Si la structure de l’article donne l’impression que tout a commencé avec Robert Poëti, il n’en est donc rien, indique le journaliste. Ça n’a pas été la base de l’histoire, mais il a accepté de donner sa aversion des faits. Lui, dit avoir voulu faire le ménage, modifier l’organigramme pour gagner en transparence et mettre fin aux pratiques d’intimidation. Il avait un plan de match sur quatre ans, dont le remaniement de janvier aura eu raison, son successeur, Jacques Daoust, ne l’ayant pas repris à son compte.

Bientôt la suite

«Est-ce justement parce que M. Poëti voulait faire le ménage qu’il a été écarté? Ce n’est pas à moi d’avancer cela, répond Louis Lacroix. Le Premier ministre Couillard dit que non, au ministère, des sources me disent que la sous-ministre Lavoie aurait eu assez de poids pour demander son départ. Moi, je me cantonne à exposer la situation, c’est à chacun de se faire  son idée ensuite.»

Chose certaine, il y aura une suite à ces révélations.

«Je travaille là-dessus, confie-t-il. C’est sûr que lorsque tu publies un papier comme celui-ci, il y a des gens qui veulent te parler. De quoi? Je vais garder ça pour moi pour l’instant… Mais il y a des gens qui m’appellent.»

En secret.
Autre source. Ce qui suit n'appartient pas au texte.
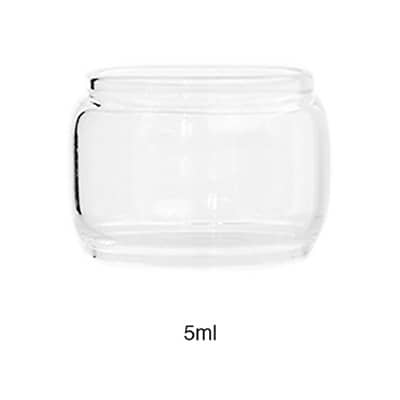 Hellvape Rebirth RTA Glass Tube 2ml/5ml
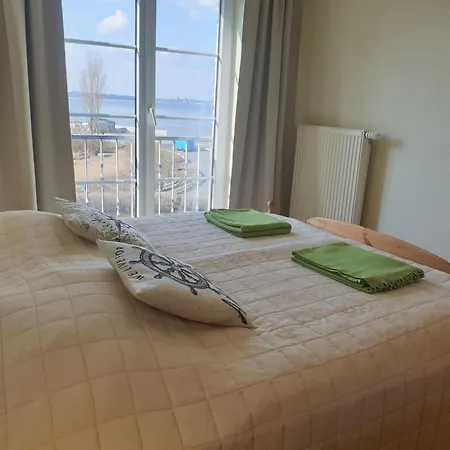 13 Haus Neustein Appartement *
Louis Lacroix ne sait pas s’il y a une chasse aux sorcières au ministère pour débusquer ceux qui lui auraient parlé, mais il regrette que nombre de ses informateurs veuillent préserver l’anonymat, de peur de représailles.

«Je le comprends, conclut-il. S’ils prennent l’initiative de parler à un journaliste, c’est sans doute qu’ils ont essayé d’exprimer certaines choses en interne et qu’ils ne se sont pas fait entendre. Mais c’est dommage que dans une société comme la nôtre, une des plus avancées au monde sur le plan démocratique, les gens soient encore obligés de se cacher pour dénoncer.»